Some information here:
http://www.motorhomefacts.com/ftopict-96410-gijon.html

It might not be what you are looking for but it will bring other information pertaining to this route into your thread.


----------



## teemyob (Nov 22, 2005)

*So*

Don't forget your sea legs!

Have a great trip, and let us know how you go on (sea conditions, Ship, Staff etc).

Happy and safe Travels,
TM.


----------



## presto (Apr 22, 2009)

Thanks for your replies but typical of me book first then ask about ferry crossing after :? Thought it would be good to hear of others experience's.Great crowd on here always willing to help.
Presto


----------



## lalala (Aug 13, 2009)

Hi Presto (don't dare to say hey presto 'cos I guess that's what everyone says!
I have already posted about this ferry so you might find the link. However we have used it and very much enjoyed it, we crossed over at the end of September and back in October. Going out was reasonably smooth but much less so coming back. However a seasick tablet (traveleze) did the trick and I was ok.

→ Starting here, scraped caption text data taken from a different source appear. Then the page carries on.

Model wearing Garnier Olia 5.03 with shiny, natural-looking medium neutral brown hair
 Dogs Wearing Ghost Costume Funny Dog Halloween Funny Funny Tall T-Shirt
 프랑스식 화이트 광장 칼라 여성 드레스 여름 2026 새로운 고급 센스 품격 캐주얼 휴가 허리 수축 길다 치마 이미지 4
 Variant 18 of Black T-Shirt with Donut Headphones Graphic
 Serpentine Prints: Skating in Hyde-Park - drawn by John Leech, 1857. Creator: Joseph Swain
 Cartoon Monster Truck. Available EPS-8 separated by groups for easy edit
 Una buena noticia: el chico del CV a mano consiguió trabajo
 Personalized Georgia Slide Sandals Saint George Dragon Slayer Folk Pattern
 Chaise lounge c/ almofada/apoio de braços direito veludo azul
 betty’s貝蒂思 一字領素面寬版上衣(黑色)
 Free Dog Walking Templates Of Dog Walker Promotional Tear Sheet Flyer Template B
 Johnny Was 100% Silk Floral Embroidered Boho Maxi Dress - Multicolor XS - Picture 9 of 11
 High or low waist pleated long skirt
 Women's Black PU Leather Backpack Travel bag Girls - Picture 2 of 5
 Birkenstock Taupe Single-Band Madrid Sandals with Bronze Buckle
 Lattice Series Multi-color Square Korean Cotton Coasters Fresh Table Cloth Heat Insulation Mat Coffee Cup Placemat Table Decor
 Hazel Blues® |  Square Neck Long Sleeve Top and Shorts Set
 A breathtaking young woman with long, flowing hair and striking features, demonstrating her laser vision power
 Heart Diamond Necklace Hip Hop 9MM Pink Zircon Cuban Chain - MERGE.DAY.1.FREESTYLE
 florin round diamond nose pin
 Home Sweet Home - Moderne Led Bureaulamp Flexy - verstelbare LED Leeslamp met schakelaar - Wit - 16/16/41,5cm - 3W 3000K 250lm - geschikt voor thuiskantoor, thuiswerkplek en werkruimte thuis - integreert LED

My husband didn't feel ill but he generally doesn't get seasick. We did have a cabin and that is important, and they are not expensive. If you get a 2 berth then they will be bunks but if you pay a little extra for a 3 or 4 berth then you get 2 bottom beds, which is better. We booked an outside cabin but as everyone on the deck could look straight in all the outside cabins just closed their curtains anyway.
We were wondering if it is an old Norfolkline ferry as it has the same layout. Bar area has excellent views going out at St. Nazaire under the bridge, and of coming into Gijon.
On ofur return we stayed 2 nights at Camping Perlora, a few km north of Gijon, a lovely friendly site and you can walk to the train station and get a train to Gijon, well worth a trip.
Hope you enjoy it, let us know,
lala


----------



## presto (Apr 22, 2009)

Thank You La La,
Good information have booked 2 berth outside cabin will try and change to 3 or 4 berth.

Think it says we will be charged ten pounds fee for changing but looks as if it would be worth it.

Camping Perlora looks good for a couple of days perhaps on the way back.

Thanks for not saying hey presto as everyone does :lol: will let you know how we get on.Were going Belfast stranraer then Portsmouth Santander cancelled that now its Rosslare Cherbourg St Nazaire Gijon seems better.

Thanks again Presto


----------